Se encaminaron abrazados a la habitación que antes les había pertenecido y que seria suya otra vez. Una vez dentro, Esteban volvió a besarlo mientras lo despojó de su camisa arrugada, de la camiseta, del pantalón de vestir de lana que llevaba. Se separó nada más para retirarse el arma de la cintura, y verificar que tenía el seguro puesto. Un hábito que en ninguna circunstancia olvidaba.
Fue sacándose la ropa prenda a prenda, se tendió en la cama y le hizo una seña a Eduardo para que se uniera a él. Este no tardó ni dos segundos en seguir su ejemplo, deshaciéndose con prisa del resto de su ropa y gateando sobre la cama hasta aproximarse a Esteban.
Se unieron, con Eduardo debajo, acariciándose, sin romper el beso. Eduardo se estiró todo cuanto pudo hasta alcanzar el cajón del buró izquierdo. Metió la mano, rebuscó y sacó un tubo de gel lubricante, sin dejar de besarse.
Se lo entregó a Esteban. Este prefirió verter una generosa cantidad en el vientre de Eduardo, quien se estremeció por la frialdad, en vez de hacerlo con las dos manos y tener que dejar de besarlo. también lanzó el tubo a un lado. Empapó los dedos en la sustancia y los llevó al trasero de su chico para prepararlo. Lo hizo rápido, pero con cuidado, gozando de los estremecimientos y sensuales quejas de Eduardo.
—¡Basta! —susurró Eduardo en sus labios, al notar que el policía no estaba ni la mitad de desesperado de lo que él se sentía. En un movimiento rápido, se acomodó entre las piernas abiertas y se deslizó en su interior, jadeando en la boca de su amado recuperado, extrañado tanto como era posible, al que no quería ni podía dejar de besar.
Eduardo temblaba, tenía los ojos cerrados y quería echar la cabeza atrás, el cuerpo le pedía arquearse, pero besarse sin pausas era fantástico. Solo hasta que Esteban empezó a empujar de verdad fue que dejó de besarlo.
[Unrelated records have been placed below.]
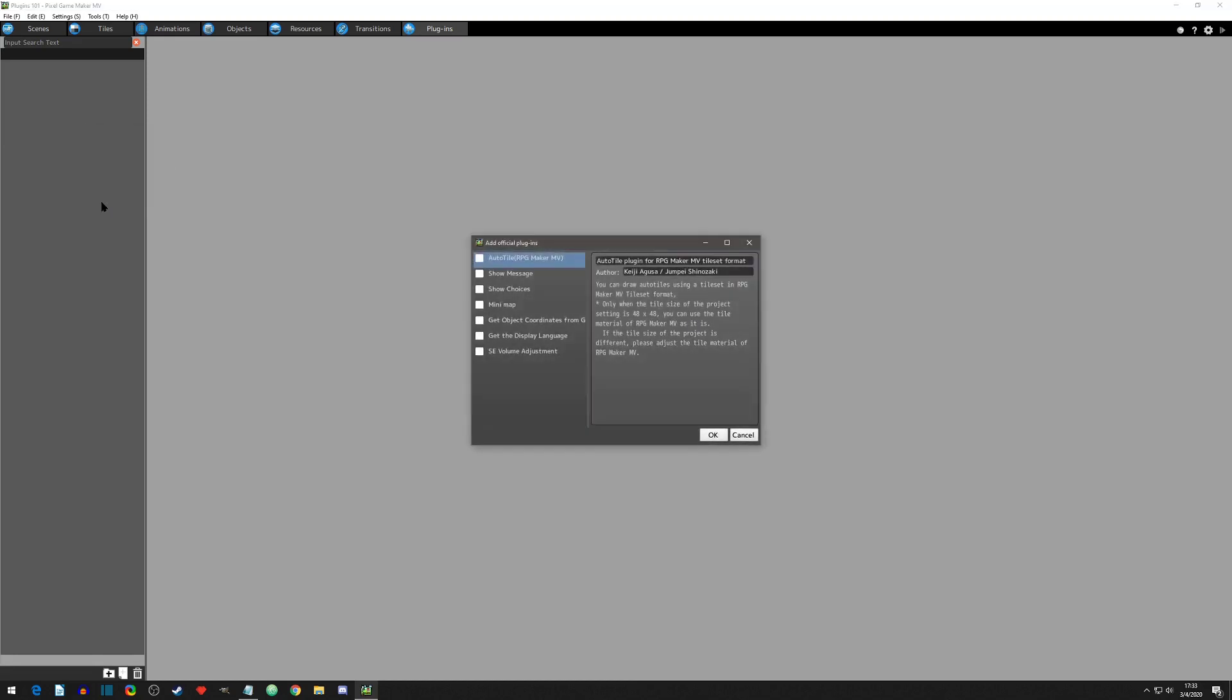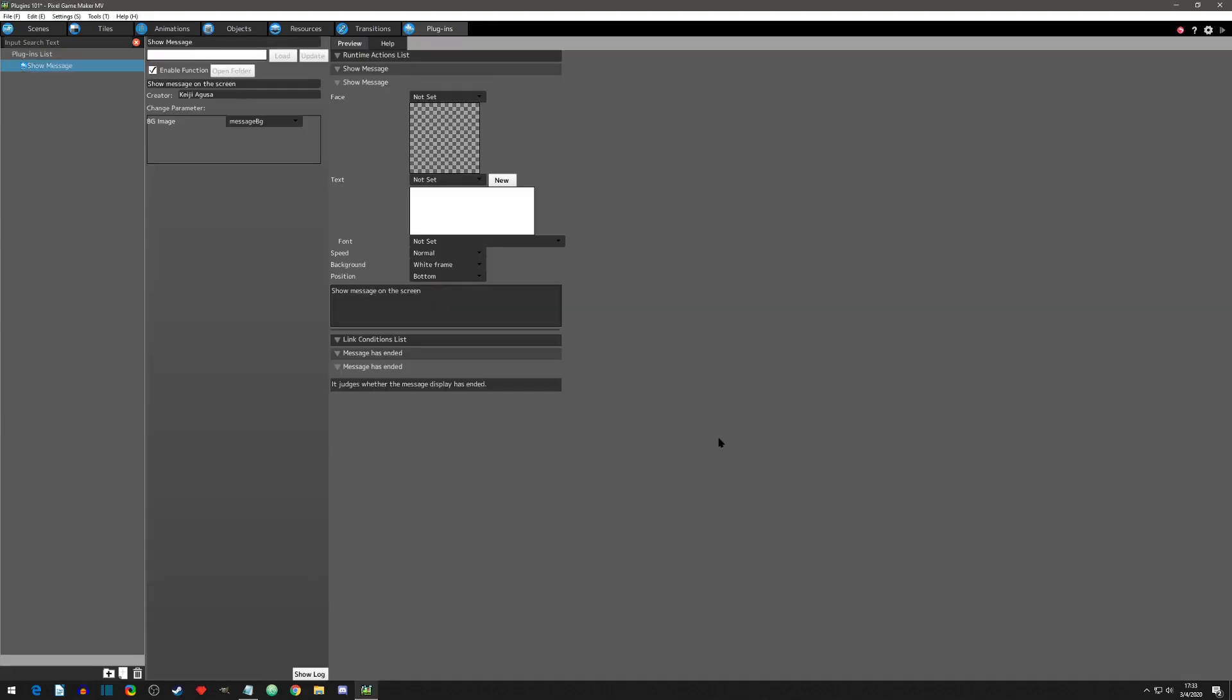These are the current official plugins to choose from. Let's select the Show Message plugin. After the plugin is added, you will notice two columns appear. Let's take a look at both of these.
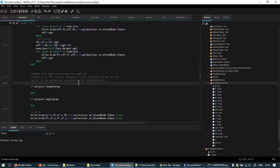Now, last time I thought for half an hour and wrote down three lines. The lines that I wrote down are: length and angle constraints are applied relative to the corners adjacent to the selected corner, at the point in the animation occupied by the selected vert.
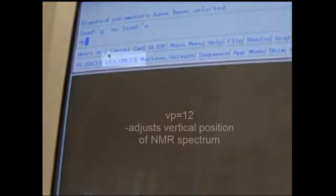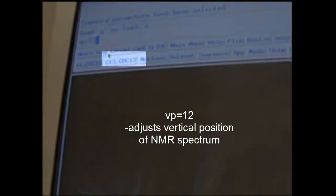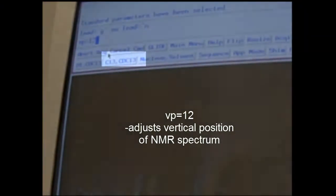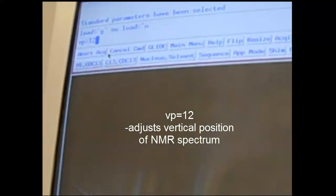Now that that's been loaded, I'm going to type in another command, BP equals 12. This simply is a processing command that helps you print things out, but even if you run 20 samples, you only need to type this in once. At this point we're ready to insert our sample.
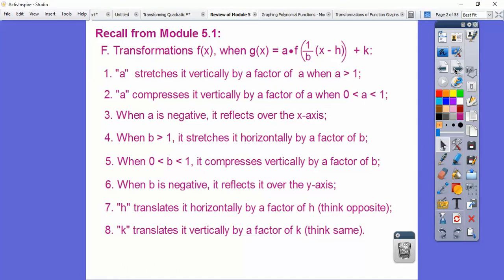In Module 5-1, we talked about transformations. The number in front of everything is a vertical factor — it stretches it. If it's bigger than 1, it compresses it if it's smaller than 1, and if it's negative, it reflects over the x-axis. That's what these three say right here.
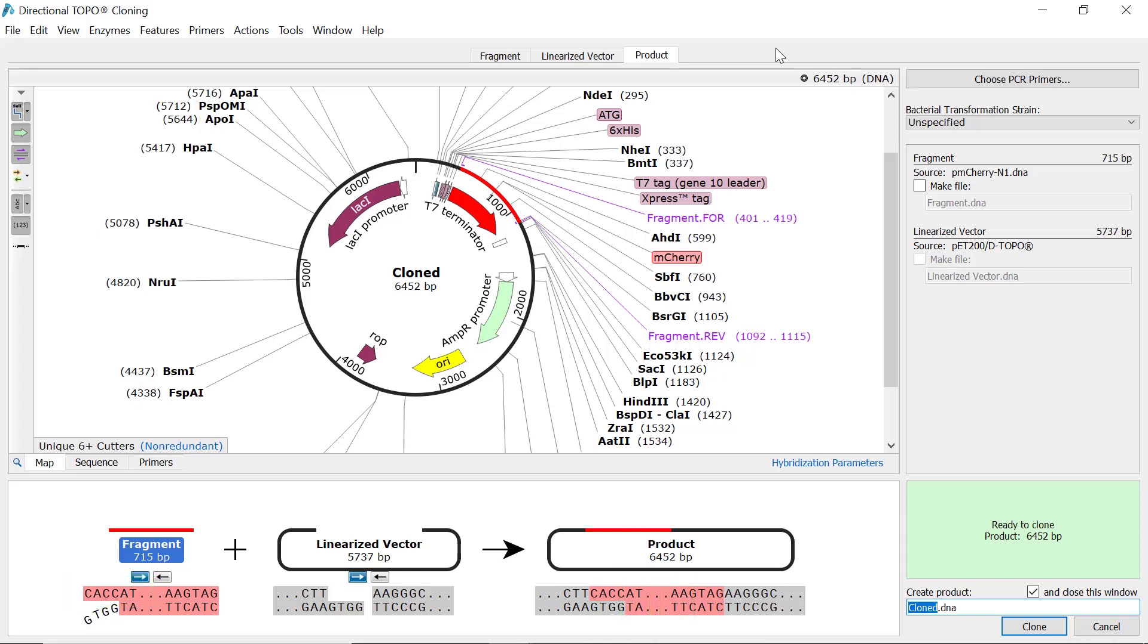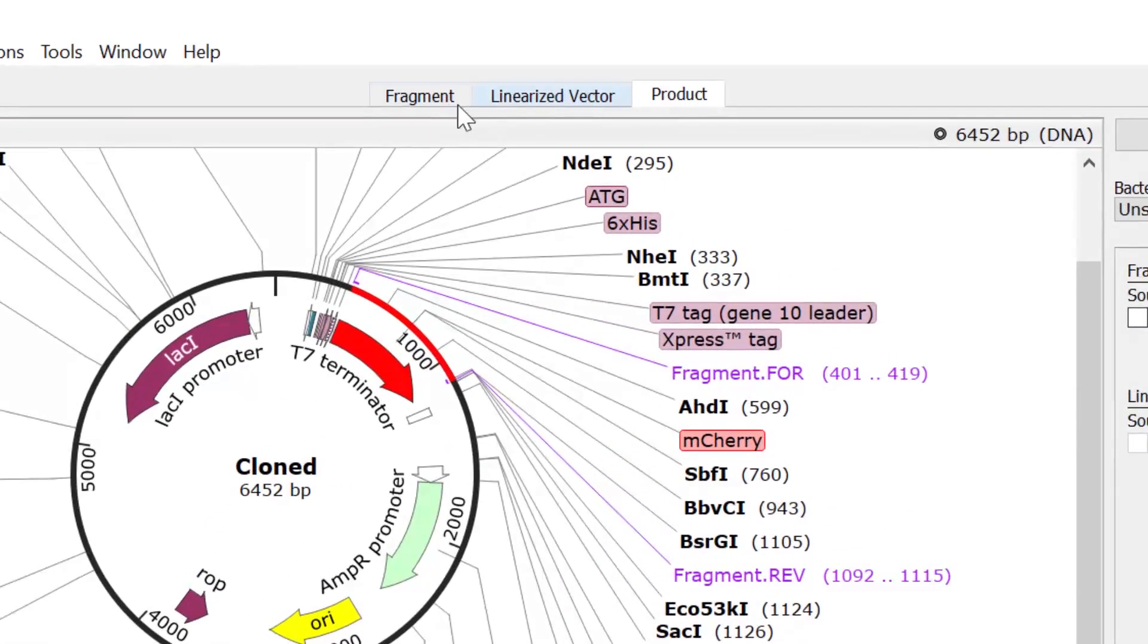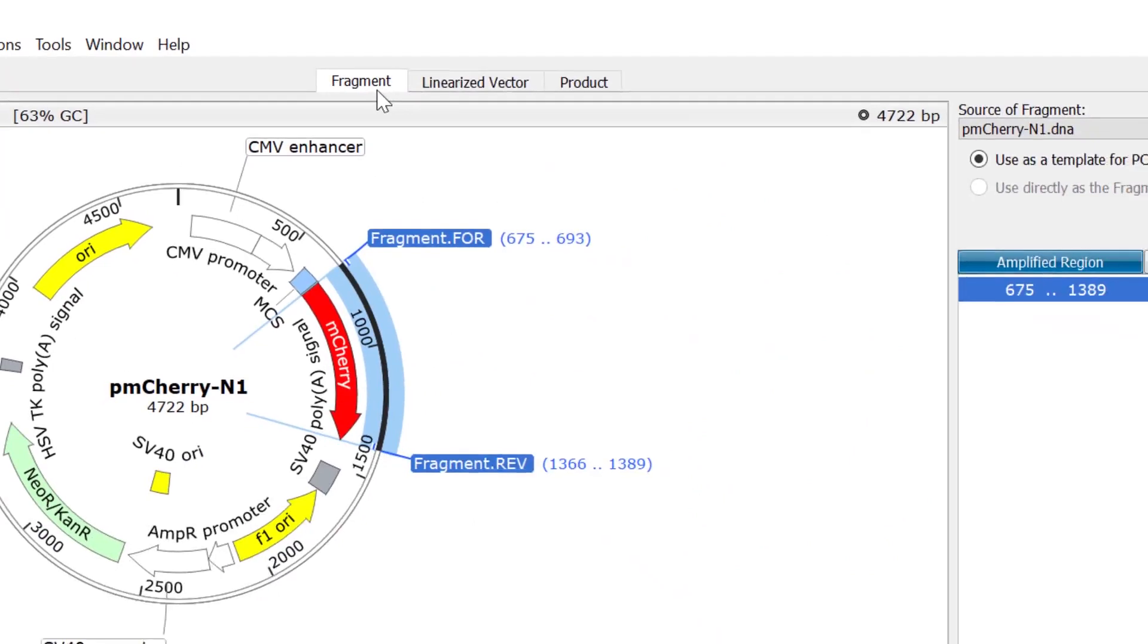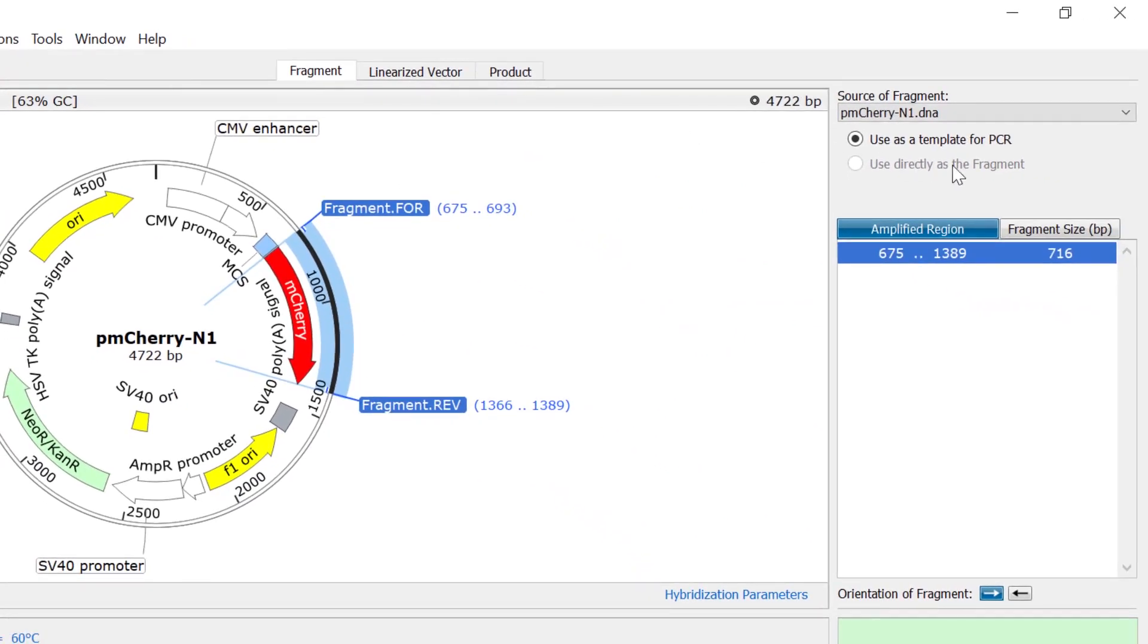If your fragment already has a 5' CACC motif present, there is no need to add this to the forward primer. In this case, you can switch to the fragment tab and select the use directly as the fragment option.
Pudo arquearse entonces todo cuanto quiso, mientras se derramaba entre sus cuerpos.
La velocidad aumentó, porque Esteban también se aproximaba a su propia precipitación y estaba tan concentrado en las sensaciones, en el interior tan estrecho y caliente como lo recordaba, que no faltaba mucho. Emergió el rostro del cuello de Eduardo, se apoyó en las manos con los brazos extendidos, para ver a su pareja, maravilloso debajo de él, desnudo, brillante de sudor, con el cabello despeinado, meneándose por los movimientos de sus cuerpos unidos y terminando de correrse.
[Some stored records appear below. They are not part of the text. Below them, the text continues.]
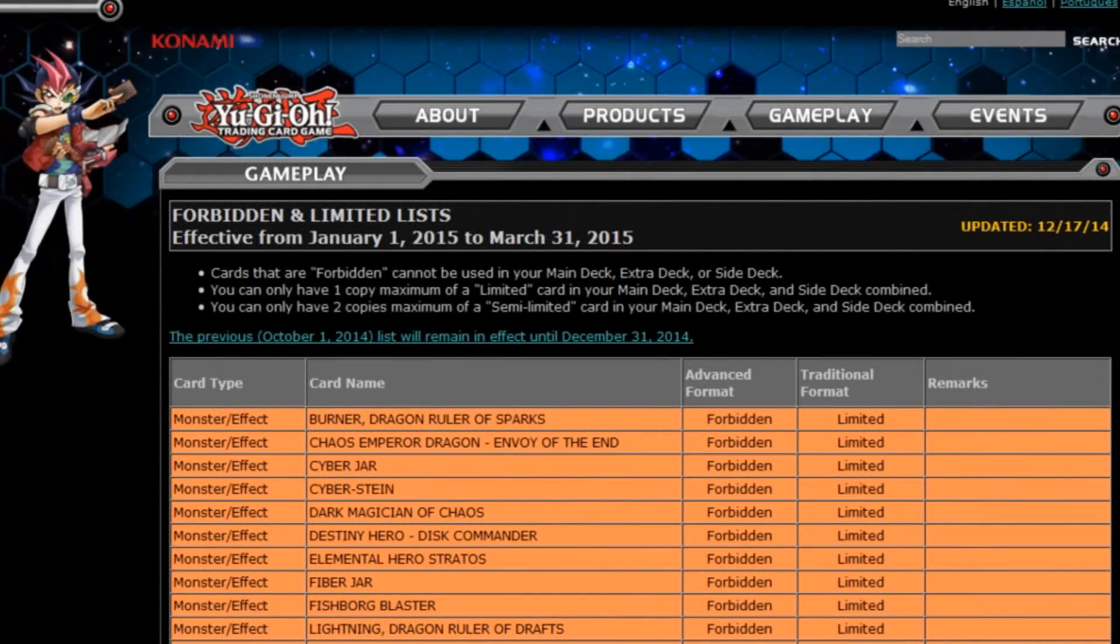What's up YouTube? This is GalactaGod and it looks like Konami has finally released to us the January 1st 2015 Forbidden slash limited list.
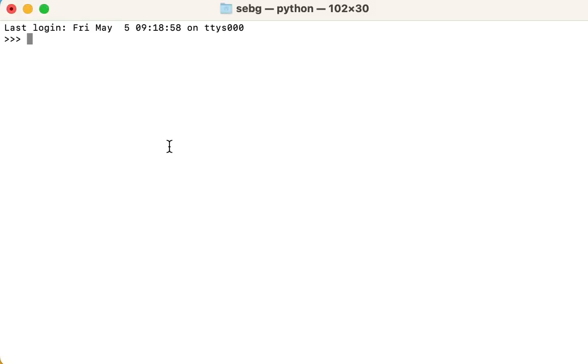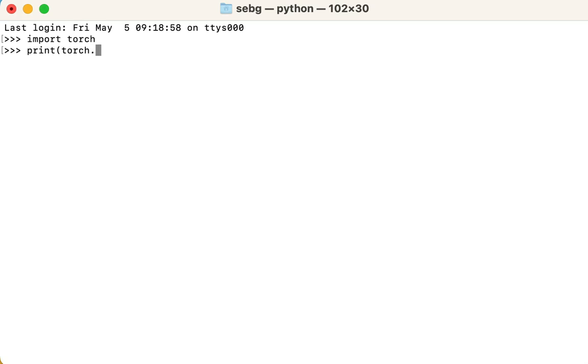This video will show you how to convert a PyTorch tensor to a float tensor. First, we import PyTorch. Then we check the PyTorch version we are using. We are using PyTorch version 2.0.0.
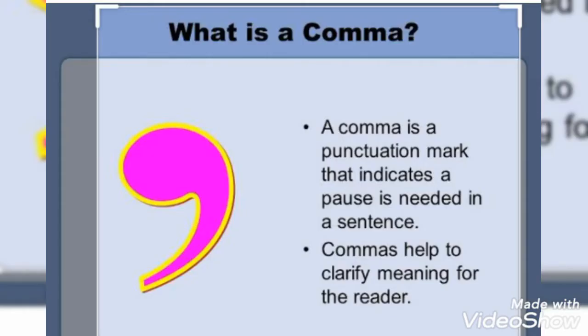Comma: A comma is a punctuation mark that indicates a pause is needed in the sentence. For example, 'There is a pen, pencil and book on the table.'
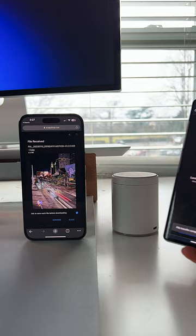You can save it to your camera roll just like that. This is also going to work on Windows and on Mac.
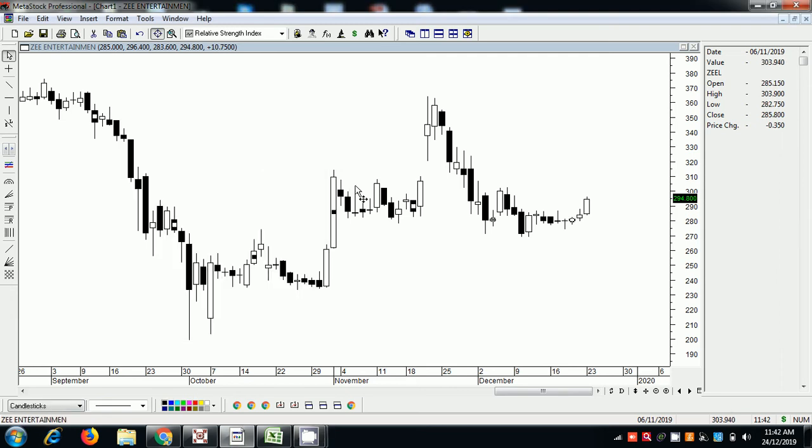Welcome to the price volume analysis. This is a video about Z Entertainment. We will talk about what we do with volume. We will see a chart and what we do with Z Entertainment.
Entonces llegó dentro del hombre que amaba con todas sus fuerzas. El clímax fue violento, a pesar de ser el segundo en menos de media hora. Eterno. Las oleadas de electricidad le recorrían la espalda y corrían como locas por sus nervios. Luego se desvanecieron, llevándose toda su fuerza. Se desplomó sobre el cuerpo caliente de su hombre, que lo abrazó.
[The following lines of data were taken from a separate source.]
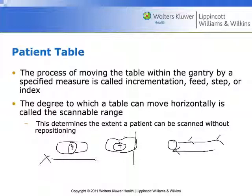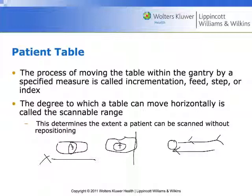I'll set an isocenter — a zero point — zeroed along the X, Y, and Z axes. I'll make sure the patient is adjusted left to right and up and down appropriately, advance them into the gantry aperture to the correct Z-axis position, then hit zero. All movements will be relative to that point. This is especially important for CT special procedures, because you can set a zero point and make measurements in any direction from it.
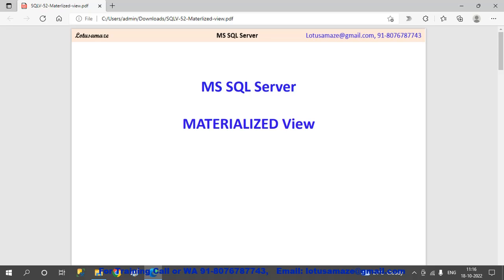Hi guys, this is Avinash Sharma and in this session we will discuss the materialized view in SQL Server.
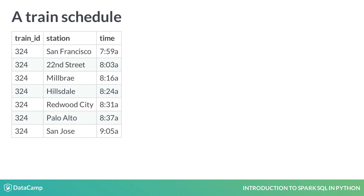Suppose we have a table containing a train schedule for a train line. We could use a window function to calculate the time until the next stop and add that as a new column, like so.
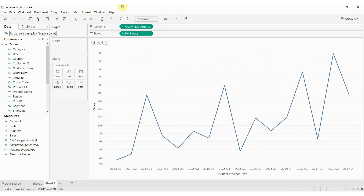So that's a basic introduction to how dimensions and measures function. Dimensions we use to partition our data; measures are typically the thing that we want to sum up. Dimensions are typically, but not always, discrete, so they contain individual items. And measures are almost always continuous because they are numbers — things that we will want to sum up, average, or otherwise analyze.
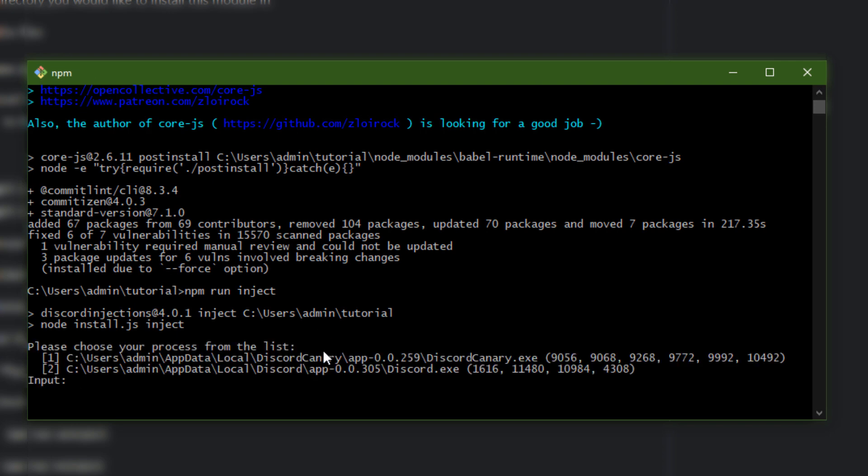It will give you the processes of your Discord apps open right now. I have Discord Canary open and I also have normal Discord stable build open. I already have Discord Injections installed on Discord the stable build, so I'm gonna close Git here because I don't want to install it on Canary because that's the build I use and I don't want to change that. You can just put one or two if you have multiple processes of Discord open right now.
Sin salir de él, sintió que lo absorbía la cómoda, deliciosa y confortable oscuridad del sueño. Se quedó dormido sobre Eduardo, que no hizo el menor intento por moverse ni un milímetro, también estaba adormilado, el sueño lo capturaría en unos minutos. Se sentía completo. Por primera vez en una década. Cerró los ojos y se dejó ir a la inconsciencia.